Task brief =>
Once the pictures have been removed, repeat the remainder of the records exactly.

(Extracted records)
• • • • •

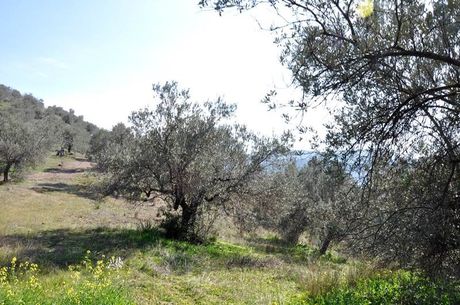 Αγροτεμάχια 12.000 τ.μ. προς πώληση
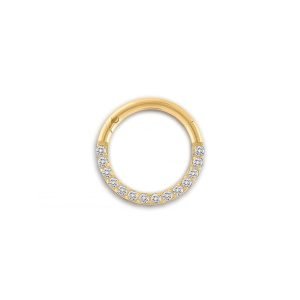 Front Pave Seamless Hoop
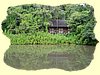 Kenya2004 (303).JPG
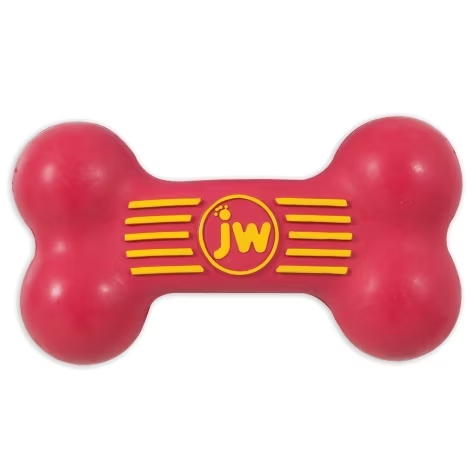 JW iSqueak Bone Dog Toy - Assorted Colors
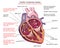 Illustrated Diagram Of Cardiac Conduction System 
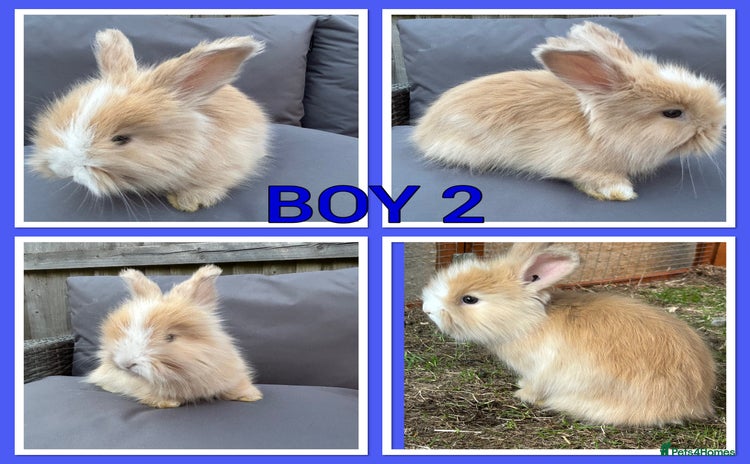 Angora rabbits in Maidstone - Advert 3
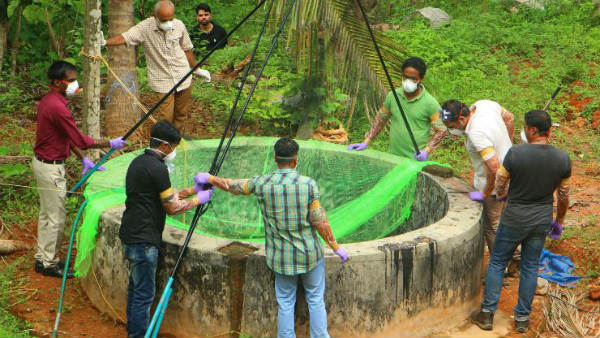 తాటి చెట్లపై వాలిన గబ్బిలాల ద్వారా..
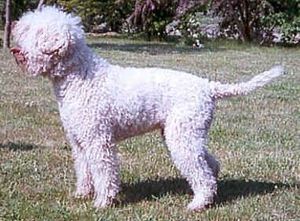 [Rozmiar: 36082 bajtów]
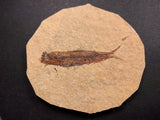 010025 - Nicely Preserved Knightia Fossil Fish Eocene Green River Fm, Wyoming (USA)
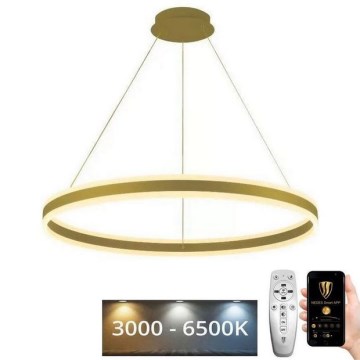 Lampadario a sospensione con filo LED dimmerabile LED/110W/230V 3000-6500K diametro 80 cm + telecomando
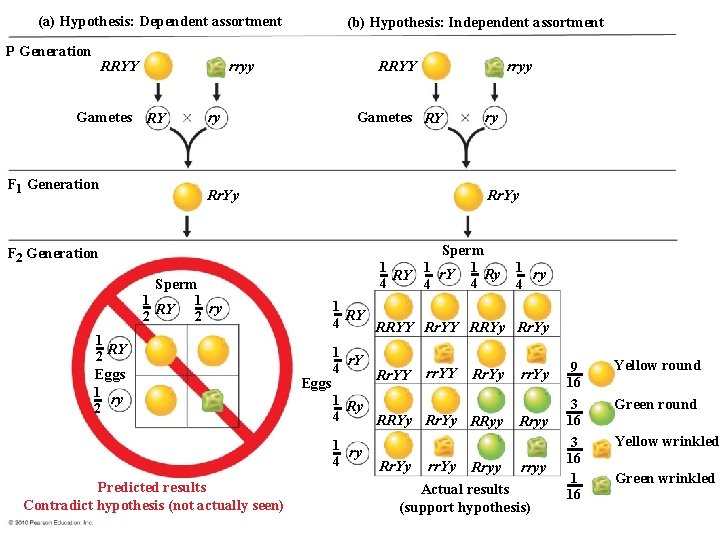 (a) Hypothesis: Dependent assortment P Generation RRYY (b) Hypothesis: Independent assortment RRYY rryy Gametes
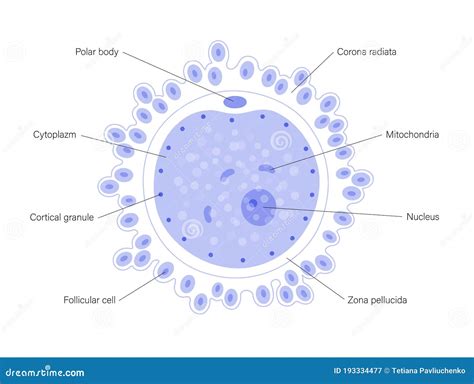 Egg cell anatomy stock vector. Illustration of microbiology - 193334477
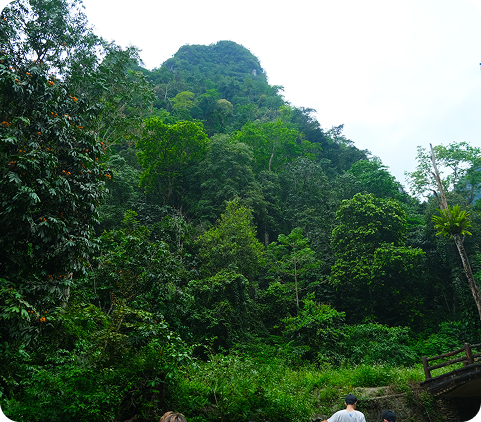 xuanSonSlide1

• • • • •

Answer box =>
 Αγροτεμάχια 12.000 τ.μ. προς πώληση
 Front Pave Seamless Hoop
 Kenya2004 (303).JPG
 JW iSqueak Bone Dog Toy - Assorted Colors
 Illustrated Diagram Of Cardiac Conduction System 
 Angora rabbits in Maidstone - Advert 3
 తాటి చెట్లపై వాలిన గబ్బిలాల ద్వారా..
 [Rozmiar: 36082 bajtów]
 010025 - Nicely Preserved Knightia Fossil Fish Eocene Green River Fm, Wyoming (USA)
 Lampadario a sospensione con filo LED dimmerabile LED/110W/230V 3000-6500K diametro 80 cm + telecomando
 (a) Hypothesis: Dependent assortment P Generation RRYY (b) Hypothesis: Independent assortment RRYY rryy Gametes
 Egg cell anatomy stock vector. Illustration of microbiology - 193334477
 xuanSonSlide1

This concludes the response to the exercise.